*** Begin section ***

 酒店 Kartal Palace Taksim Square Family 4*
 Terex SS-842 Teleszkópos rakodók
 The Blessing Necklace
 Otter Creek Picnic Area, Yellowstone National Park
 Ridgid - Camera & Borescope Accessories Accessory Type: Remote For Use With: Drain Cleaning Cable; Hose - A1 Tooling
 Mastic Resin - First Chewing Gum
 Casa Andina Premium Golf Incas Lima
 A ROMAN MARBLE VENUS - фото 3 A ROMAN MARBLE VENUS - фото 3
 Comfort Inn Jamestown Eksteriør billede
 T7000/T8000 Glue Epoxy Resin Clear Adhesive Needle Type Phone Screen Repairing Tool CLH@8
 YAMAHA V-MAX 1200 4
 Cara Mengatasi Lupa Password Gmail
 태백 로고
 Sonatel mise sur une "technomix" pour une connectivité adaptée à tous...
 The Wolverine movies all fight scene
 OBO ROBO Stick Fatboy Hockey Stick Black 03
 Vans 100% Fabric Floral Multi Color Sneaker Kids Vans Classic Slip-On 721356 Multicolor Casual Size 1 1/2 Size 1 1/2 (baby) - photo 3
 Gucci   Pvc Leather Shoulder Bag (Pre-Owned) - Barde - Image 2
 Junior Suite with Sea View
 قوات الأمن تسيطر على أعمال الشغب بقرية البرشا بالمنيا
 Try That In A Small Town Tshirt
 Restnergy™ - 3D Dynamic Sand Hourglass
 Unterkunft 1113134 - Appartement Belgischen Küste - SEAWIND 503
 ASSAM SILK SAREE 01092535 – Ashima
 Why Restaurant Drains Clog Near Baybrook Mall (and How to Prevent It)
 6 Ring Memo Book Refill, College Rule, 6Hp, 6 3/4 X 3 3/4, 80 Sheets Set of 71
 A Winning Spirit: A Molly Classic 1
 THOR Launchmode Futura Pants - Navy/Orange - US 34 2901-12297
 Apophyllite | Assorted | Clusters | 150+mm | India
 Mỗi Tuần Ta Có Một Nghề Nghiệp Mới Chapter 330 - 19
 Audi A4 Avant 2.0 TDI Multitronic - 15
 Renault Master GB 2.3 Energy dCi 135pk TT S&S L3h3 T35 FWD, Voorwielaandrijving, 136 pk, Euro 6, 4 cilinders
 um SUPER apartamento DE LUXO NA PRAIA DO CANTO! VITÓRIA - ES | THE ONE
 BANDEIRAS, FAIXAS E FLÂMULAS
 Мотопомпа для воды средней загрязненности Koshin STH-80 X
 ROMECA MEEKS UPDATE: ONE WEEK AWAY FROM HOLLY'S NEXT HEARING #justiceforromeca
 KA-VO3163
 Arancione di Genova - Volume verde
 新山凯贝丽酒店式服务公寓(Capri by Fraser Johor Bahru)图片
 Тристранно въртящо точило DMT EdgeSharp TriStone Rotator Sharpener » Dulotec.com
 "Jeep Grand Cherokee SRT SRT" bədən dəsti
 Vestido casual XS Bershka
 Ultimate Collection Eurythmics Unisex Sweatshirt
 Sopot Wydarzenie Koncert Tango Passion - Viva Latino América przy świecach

*** End section ***

# [Try it]
The answer should contain only the lines from the first line of the entries through the line holding "Casa Andina Premium Golf Incas Lima", each exactly as written.

# [Solution below]
 酒店 Kartal Palace Taksim Square Family 4*
 Terex SS-842 Teleszkópos rakodók
 The Blessing Necklace
 Otter Creek Picnic Area, Yellowstone National Park
 Ridgid - Camera & Borescope Accessories Accessory Type: Remote For Use With: Drain Cleaning Cable; Hose - A1 Tooling
 Mastic Resin - First Chewing Gum
 Casa Andina Premium Golf Incas Lima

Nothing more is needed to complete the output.